“Sebuah daerah yang dipimpin oleh seorang yang tidak memiliki ideologi mengalami sebuah diskonsistensi arah pembangunan. Sehingga daerah tersebut dijalankan tanpa adanya roadmap yang jelas,” kataya.
Selanjutnya, seorang politisi kutu loncat tidak menghargainya sebuah proses, termasuk di dalamnya proses kaderisasi, atau jika ditransformasikan dalam bahasa pembangunan maka terminologi yang paling tepat adalah tidak menghargai proses pembangunan dari bawah.
Lebih lanjut, seorang politisi kutu loncat bila sudah dibesarkan oleh sebuah partai, diberikan berbagai fasilitas dan bahkan jabatan strategis, namun ia memilih meninggalkan partainya atau berkhianat dari partainya untuk mencapai sebuah tangga keberhasilan yang lebih tinggi.

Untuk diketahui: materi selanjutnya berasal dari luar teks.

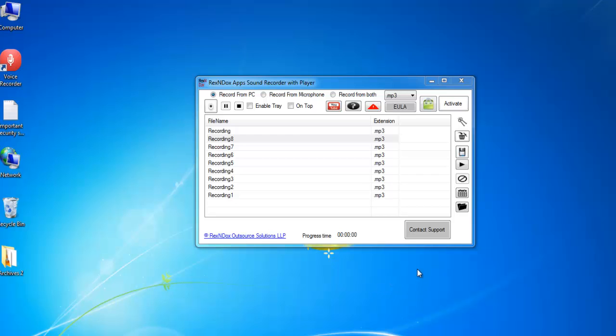Hey everyone! In this video, we will see how to record a song playing on your computer and the microphone using the Sound Recorder with Player.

“Sederhana saja bila partai politik yang membenarkannya saja dengan mudah ia khianati, apalagi rakyat? bisa jadi ia akan lebih dengan mudah mengkhianati amanah rakyat,” tandasnya.
Oleh karena itu, Rohimat mengimbau kepada generasi muda agar mewaspadai dengan hadirnya politisi kutu loncat yang ikut berkontestasi pada Pilkada Kota Bekasi mendatang. “Sebab orientasinya (politisi kutu koncat) itu hanya mencari keuntungan dan syahwat politik semata. jangan harap akan memperjuangkan kepentingan masyarakat,” pungkasnya.